-- The records follows --
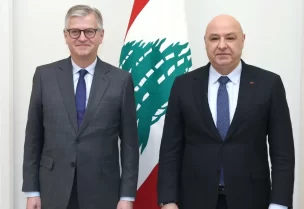 رئيس الجمهورية العماد جوزاف عون مع وكيل الأمين العام للأمم المتحدة لإدارة عمليات السلام جان بيار لاكروا في قصر بعبدا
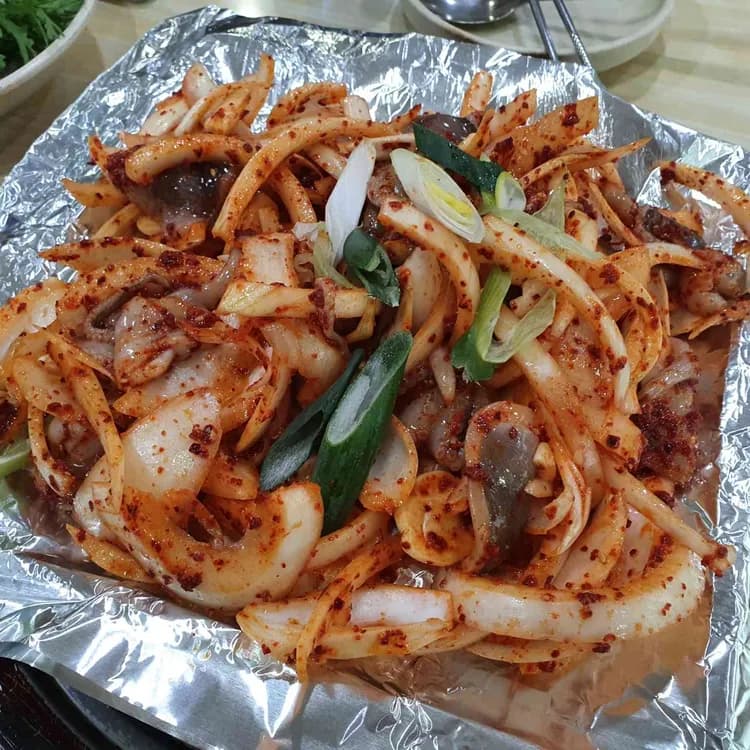 대전의 얼큰한 맛! 공주칼국수에서 즐기는 칼국수와 쭈꾸미 - AI 딩코의 맛집 공략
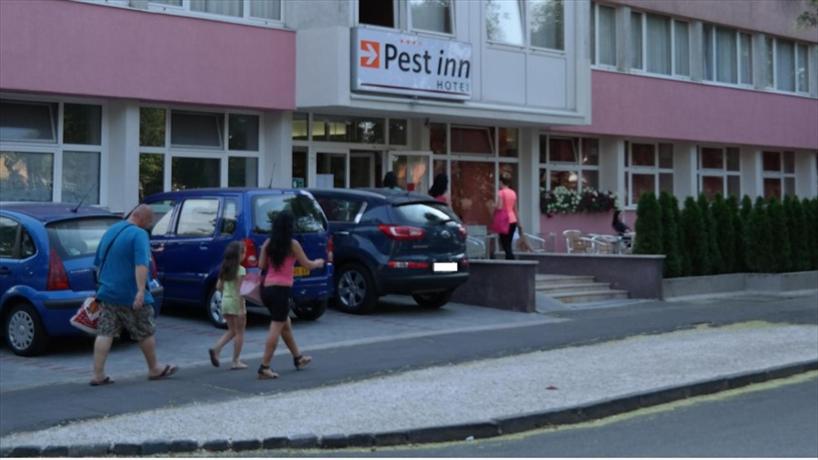 Pest Inn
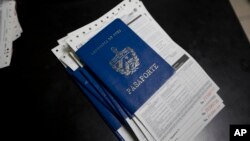 Foto Archivo. Pasaportes cubanos. (AP Photo/Moises Castillo)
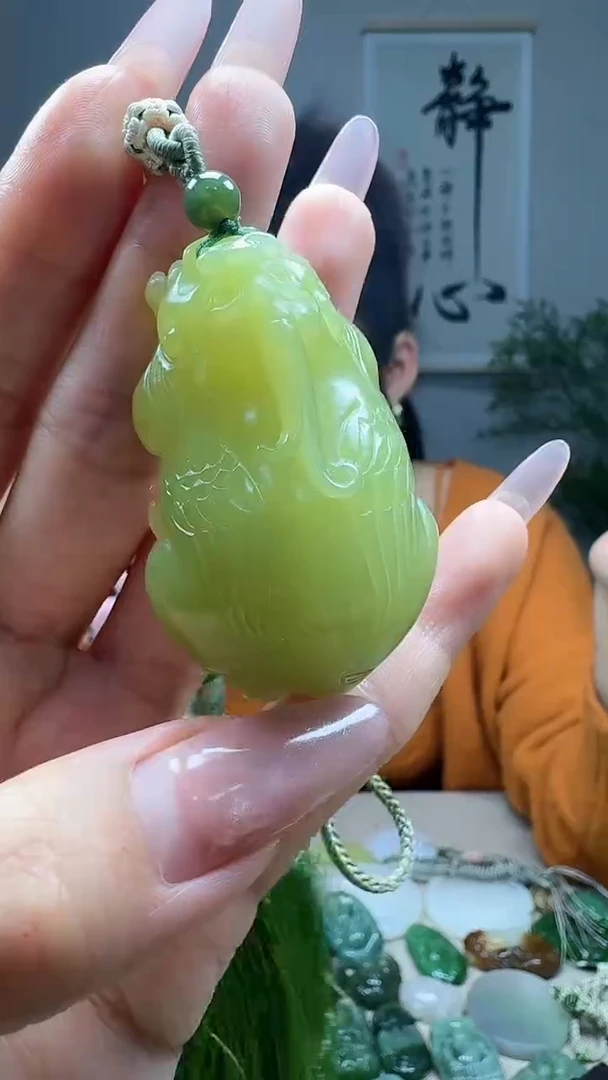 未镶嵌和田玉挂件1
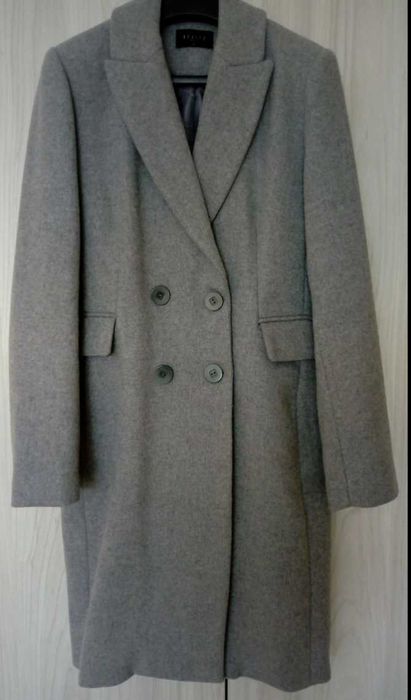 Jasnoszary płaszcz Mohito - dyplomatka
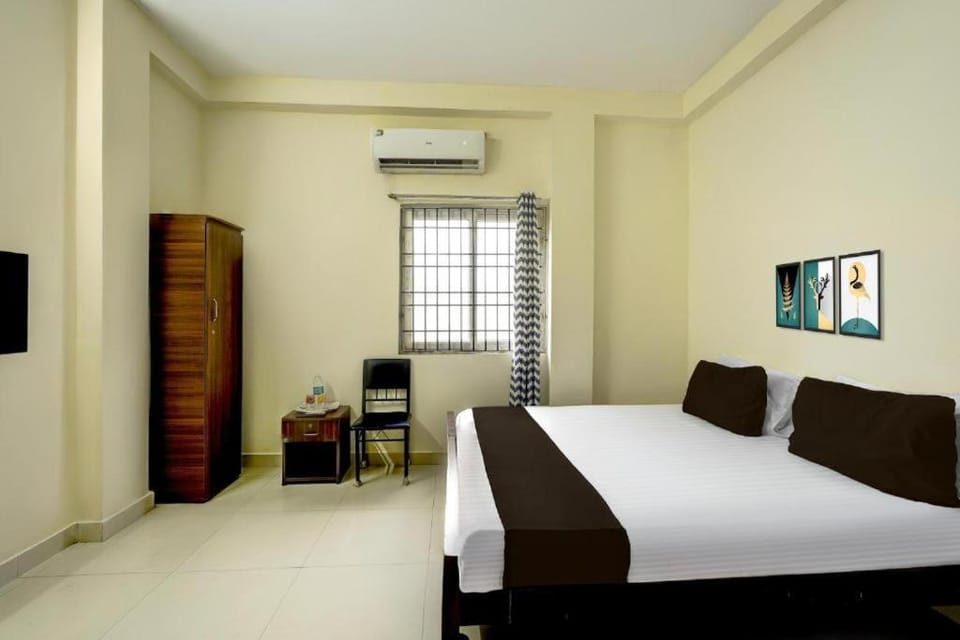 Aditya Residency SRI Ramachandra Medical College Hotel in Chennai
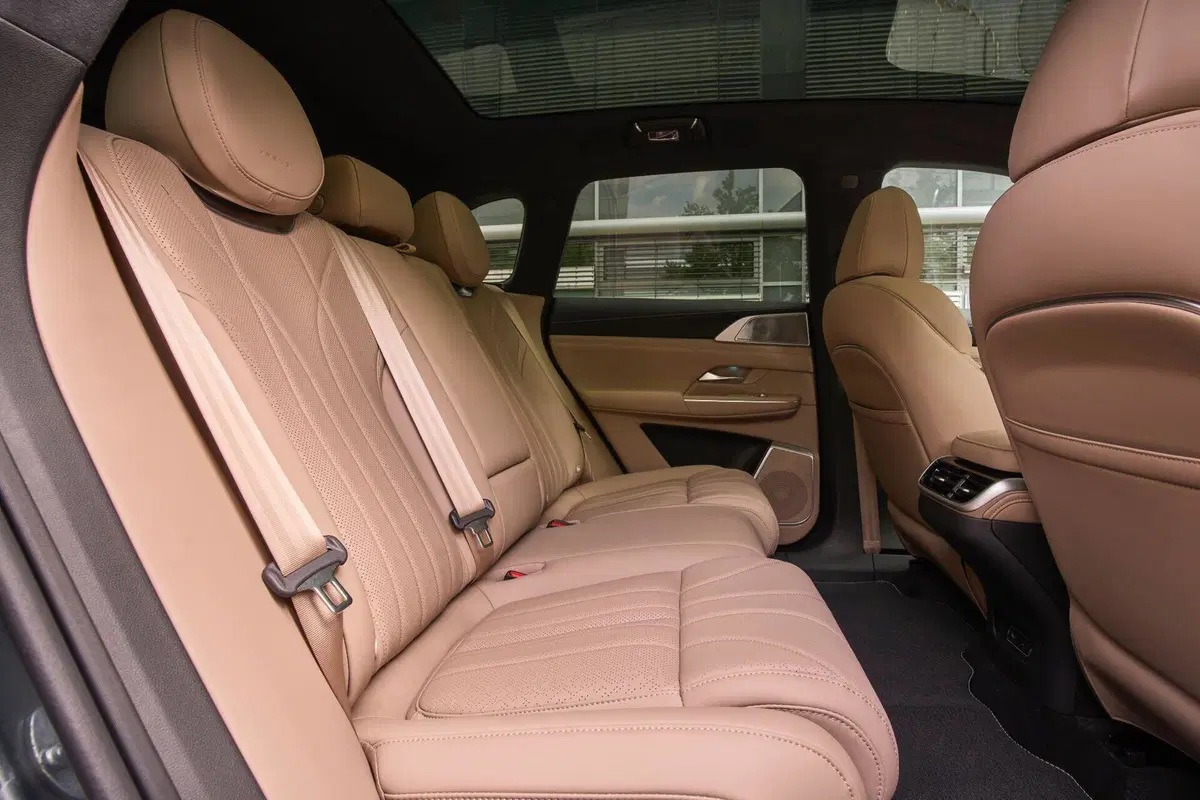 Xpeng G9 (40)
-- The records concluded --
▶ [Directions for this task]:
Word for word and without pictures, restate only the lines running from the one that contains "Jasnoszary płaszcz Mohito - dyplomatka" through the last line of the listing above.

▶ [Finished exercise]:
 Jasnoszary płaszcz Mohito - dyplomatka
 Aditya Residency SRI Ramachandra Medical College Hotel in Chennai
 Xpeng G9 (40)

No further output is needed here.